ACTION ITEM: With both ends included, repeat exactly the lines of the entries below from the one containing "this 640×480 image." down to the one containing "this 350×263 image.", and no others.

(Collected data)
***
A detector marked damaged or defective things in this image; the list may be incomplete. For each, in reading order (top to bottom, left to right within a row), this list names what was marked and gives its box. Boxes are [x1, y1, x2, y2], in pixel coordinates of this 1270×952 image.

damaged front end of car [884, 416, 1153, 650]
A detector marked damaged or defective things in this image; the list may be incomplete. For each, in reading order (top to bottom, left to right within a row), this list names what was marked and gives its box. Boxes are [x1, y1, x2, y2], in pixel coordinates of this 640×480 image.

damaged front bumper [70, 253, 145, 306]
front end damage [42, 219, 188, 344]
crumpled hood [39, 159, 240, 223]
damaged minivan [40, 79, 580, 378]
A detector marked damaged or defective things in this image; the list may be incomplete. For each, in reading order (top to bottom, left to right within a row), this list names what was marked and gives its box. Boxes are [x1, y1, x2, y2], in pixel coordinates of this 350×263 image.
***
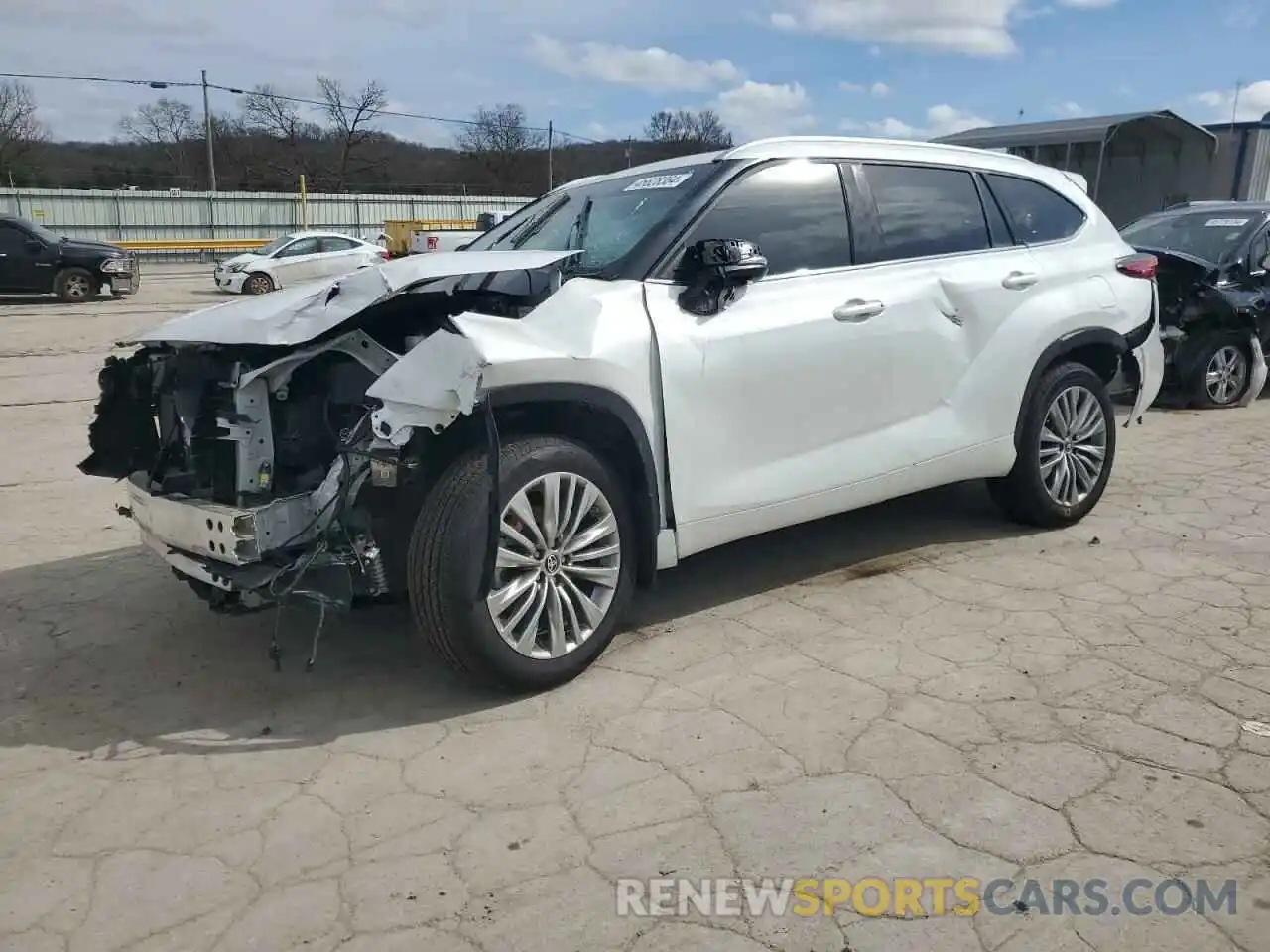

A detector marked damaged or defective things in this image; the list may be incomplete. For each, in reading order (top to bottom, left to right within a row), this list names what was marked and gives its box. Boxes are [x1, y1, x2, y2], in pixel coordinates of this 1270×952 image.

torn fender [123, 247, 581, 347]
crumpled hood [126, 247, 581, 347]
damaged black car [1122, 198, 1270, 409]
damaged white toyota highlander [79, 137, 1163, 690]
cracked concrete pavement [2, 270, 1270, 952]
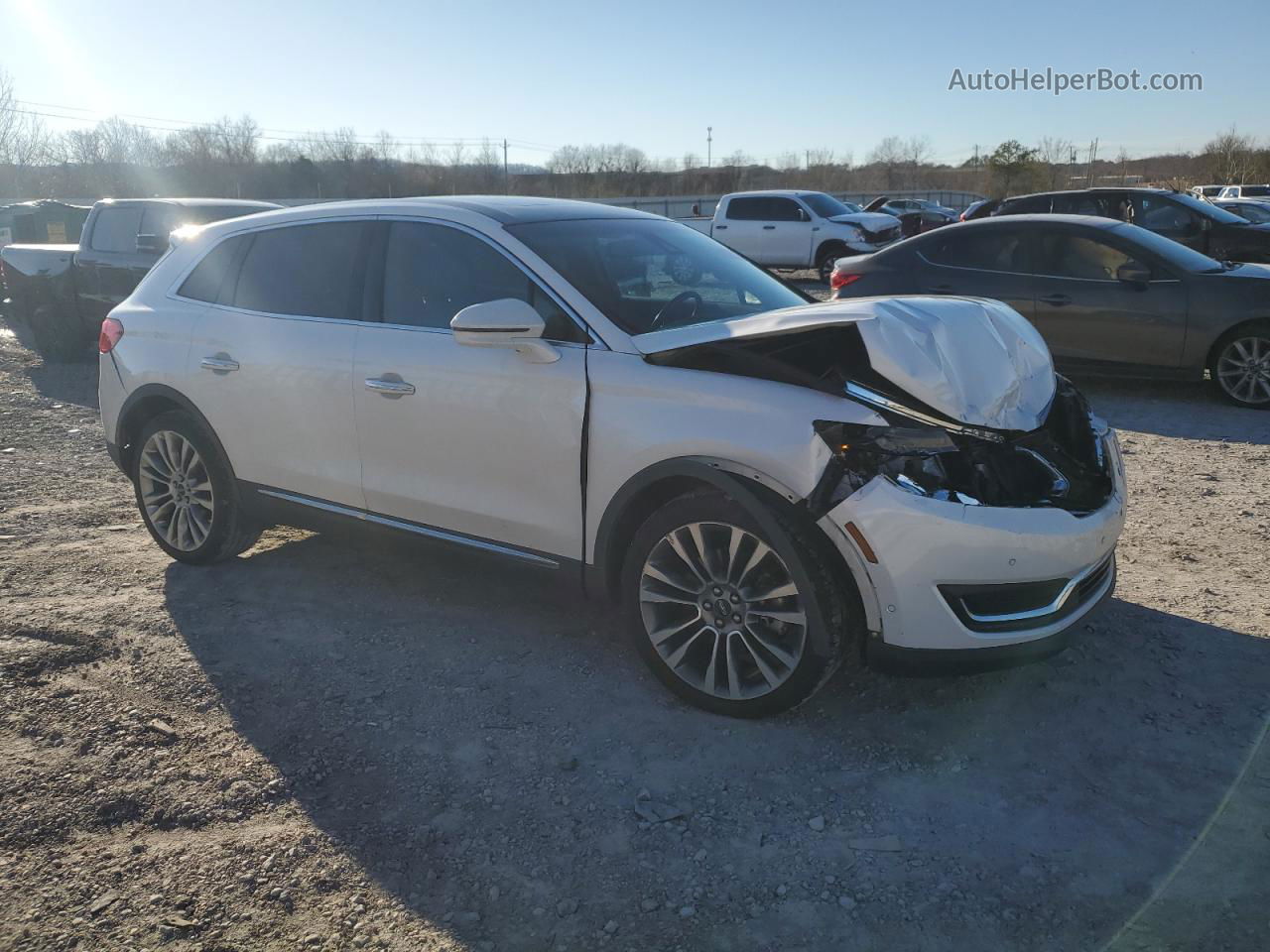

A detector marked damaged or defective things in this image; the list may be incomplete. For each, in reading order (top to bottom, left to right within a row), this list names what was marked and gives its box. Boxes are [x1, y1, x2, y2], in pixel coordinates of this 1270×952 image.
***
SOLUTION:
A detector marked damaged or defective things in this image; the list may be incomplete. For each, in reading order (top to bottom, left to right within a row), this list names what was marked and gives its box. Boxes are [x1, y1, x2, y2], in pixel coordinates of this 640×480 image.

damaged front bumper [70, 253, 145, 306]
front end damage [42, 219, 188, 344]
crumpled hood [39, 159, 240, 223]
damaged minivan [40, 79, 580, 378]
A detector marked damaged or defective things in this image; the list may be incomplete. For each, in reading order (top to bottom, left to right within a row), this list names what was marked and gives its box. Boxes are [x1, y1, x2, y2], in pixel coordinates of this 350×263 image.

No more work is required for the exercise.